Lastly, societally, we appear to be continuing a gradual global shift toward more protectionism and populism. Globalization (the opposite of protectionism and populism) is part of a disinflationary trend that has been prevalent for more than 30 years. The problem with globalization is that the benefits aren’t as explicitly visible to Main Street as some of the detriments. Think cheaper goods, services, and – many may argue – a higher standard of living/economic growth versus job displacements and muted wages in various industries. We believe that society is shifting and wants higher wages and increased job security even if it is potentially accompanied by higher goods and services prices (think inflation) and, perhaps, even less economic growth.

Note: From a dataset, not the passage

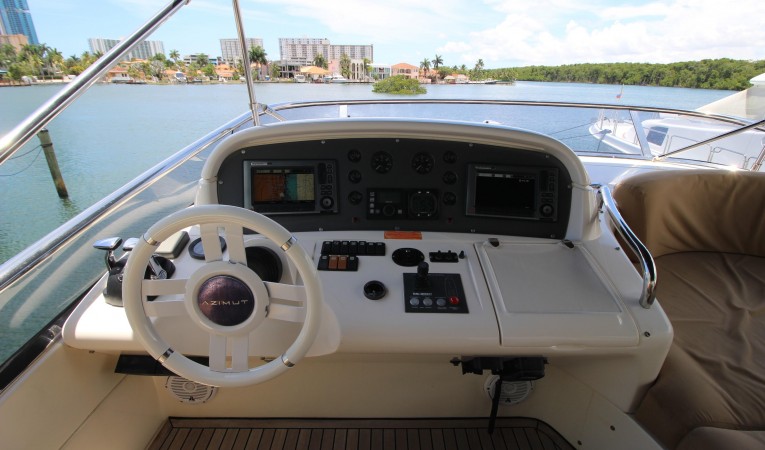 62 Azimut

The most overused phrase in investing is that this is an “uncertain time period.” However, we will concede that on a relative level it appears as if some of the trends that have lasted many decades look set to change. Against this backdrop, investors need to embrace diversification, not reject it. In our opening paragraphs we mentioned that emboldened investors were likely overconfident in the future and were forced to revisit their conviction and shift their portfolios after they were caught taking too much risk. With the start of baseball season upon us, let us close with this analogy: We continue to focus on meeting our clients’ long-term goals and objectives using a disciplined process that focuses on singles and doubles, not home runs.